IT'S something that you wouldn’t expect climate and environmental activists to be doing – ripping up young trees. But that’s exactly what these ‘masked’ warriors were doing in Leitrim this week. They’ve had enough of asking the government to do the right thing. As Greta Thurnberg would say, it’s time for action.

And if you’re not going to take action to save the planet itself, then when are you?
The Irish government ticks the box for planting forests as demanded by Brussels. But these forests can’t be enjoyed by you and me and the people living beside them, magical places like Colin Glen that you can walk through on a summer’s day and enjoy the wildflowers, birds and butterflies.

No, these forests are planted in much the same way that wheat or barley are planted. Except that instead of waiting until autumn to reap the crop, you have to wait 25 years for this forest ‘crop’ to mature.

The trees that enable the Irish government to ‘fulfil’ their biodiversity obligations are sitka spruce – the largest species of spruce in the world. In its native habitat on the west coast of Canada and America, it can grow for 700 years and wildlife thrives on it. In Ireland, planted methodically like columns of marching soldiers, it creates a dead zone where nothing else lives.

When it was introduced into Europe, it soon outgrew the native trees – in Norway the sitka grew 25 per cent faster than the native variety. In Ireland, our incessant rain helps it sprout at record speeds.

Massive international pension schemes buy up parcels of Irish land and plant them with sitka, knowing that in 25 years their investment is guaranteed. The community living alongside these forests is so far away that the companies will never hear their concerns, even if they shout at the top of their voices.

Leitrim is one such place. The county below Donegal was once packed with people – almost 150,000 before the Great Famine. Today, just 35,000 people live there. 
This county is ripe for growth – but not the kind the locals want to see. Sitka spruce has been planted everywhere. Many picturesque cottages on hillsides and glens are now surrounded by towering, foreboding forests that even the midsummer sun can’t penetrate. They are as biodiverse as a black hole in the cosmos. 

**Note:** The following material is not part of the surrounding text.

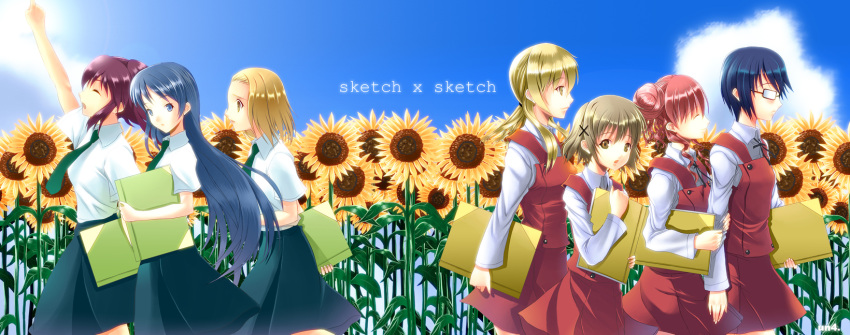 back-to-back, crossover, flower, hidamari_sketch, highres, hiro, kajiwara_sora, miyako, necktie, sae, school_uniform, sketchbook, sketchbook_full_colors, sunflower, text, torikai_hazuki, un4lord, yuno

The Irish government says it’s fulfilling Europe’s biodiversity demands and that the country now has 11 per cent forest cover – still dwarfed by Europe’s 40 per cent. It sounds like a promising start – but when you take away sitka spruce and other similar fast-growing conifers, you’re actually left with less than two per cent native forest.
On either side of the border, when governments announce another “million” trees will be planted, it pays to look out for the small print. It might win them a good headline in a newspaper, but experts and environmentalists are slowly discovering the truth. 
Rewilder Eoghan Daltun sees through the Irish government’s pledge to plant 440 million trees by 2040, pointing out that 70 per cent of them will be sitka or similar species.

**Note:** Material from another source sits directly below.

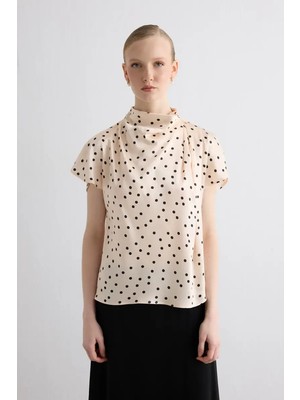 Gusto Puanlı Viskon Saten Bluz - Ekru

“It’s a totally non-natural thing to have a monoculture of any species of trees. Plus they are not wild trees, they are going to be planted in rows,” he says.

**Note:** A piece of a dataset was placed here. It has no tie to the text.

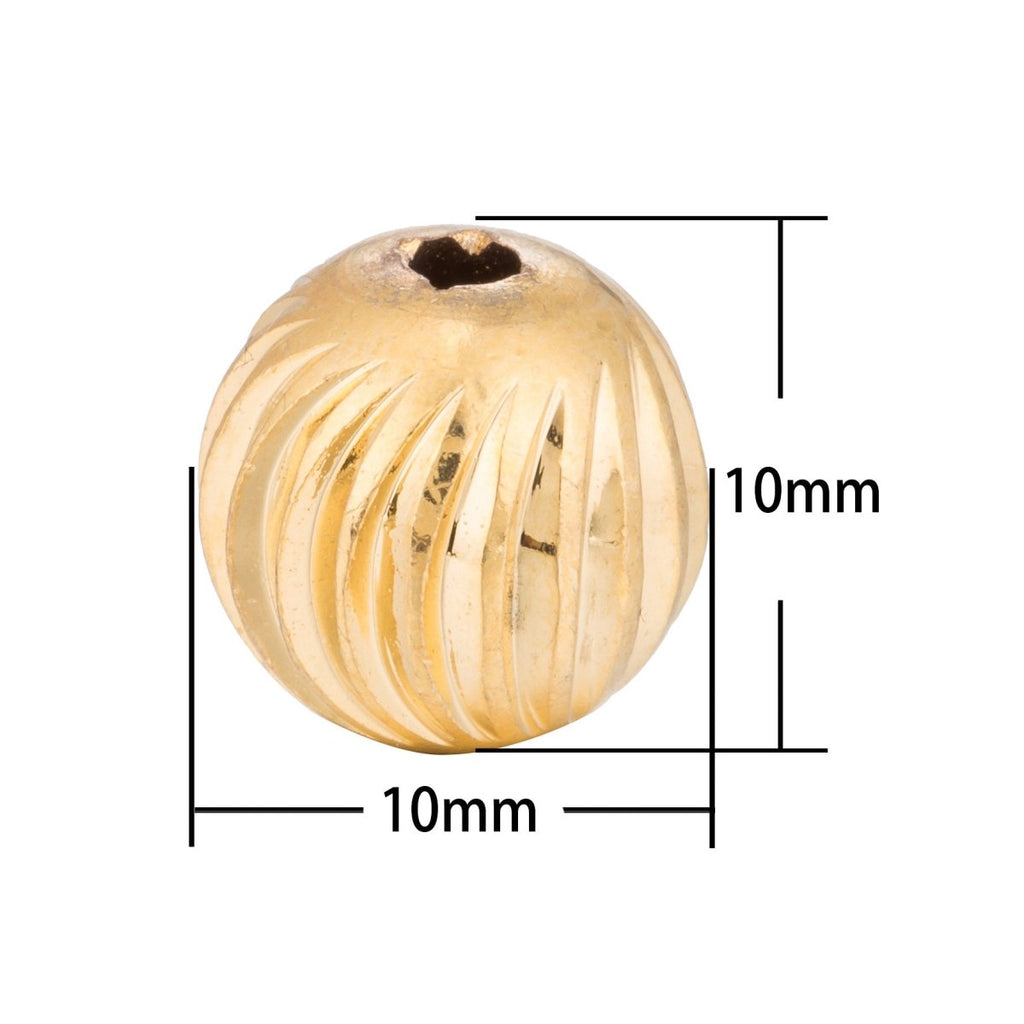 Gold plated Spacer, Round, Circle, Ball, Ornament, Neutral, Textured, Stripped Bracelet Charm Bead Finding Connector For Jewelry Making, B-269 - DLUXCA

Leitrim is perhaps the worst hit, he says.

“I have a friend who lives in the middle of one of them and he says it is absolutely awful. His place is almost like being on an island surrounded by these walls of trees, dead zones.” 

And that’s what brought 150 climate activists to a government plantation on a Leitrim hillside this week. Dressed as Straw Boys in traditional costume, they uprooted hundreds of sitka spruce saplings recently planted on an old bog. 

They want native Irish forests planted and managed by the local community – something that will help absorb carbon and be enjoyed by wildlife. 

Love Leitrim organiser Jamie Murphy said: "Now, more than ever, we need to challenge the system that is resulting in mass non-native forestry plantations, continued expansion of energy sapping data centres and carbon heavy extractive industries like mining.

"These types of industries have no role to play in creating a safe and sustainable future for anyone.”

It’s beyond doubt that these rural communities are right. It’s just that in many parts of Ireland, money trumps everything. 

Emeritus Professor of the Geography Department at Maynooth University John Sweeney says: “The present forestry model grows the wrong trees in the wrong places. We must not sacrifice biodiversity in western Ireland to provide sitka spruce plantations to enable biodiversity destruction on intensive dairy farms in eastern Ireland.”

Leitrim might be the most famous case of a seemingly powerless community being environmentally abused, but, of course, similar things are happening closer to home. All around the outskirts of Belfast, sitka plantations are at various stages of growth. Next time Dúlra sees a sapling, he’s following Leitrim’s example and pulling it out.
If you’ve seen or photographed anything interesting, or have any nature questions, you can text Dúlra on 07801 414804. 

Reader Marie Lynch (81) reports having a great spotted woodpecker in her Springfield Park garden for the second year in a row. Birdwatcher Marie is blessed to have a river and wooded area behind her Springfield Park home – and packs her feeders with peanuts to attract them. Dúlra is doing the same – but he mustn’t have Marie’s touch because he’s yet to see one!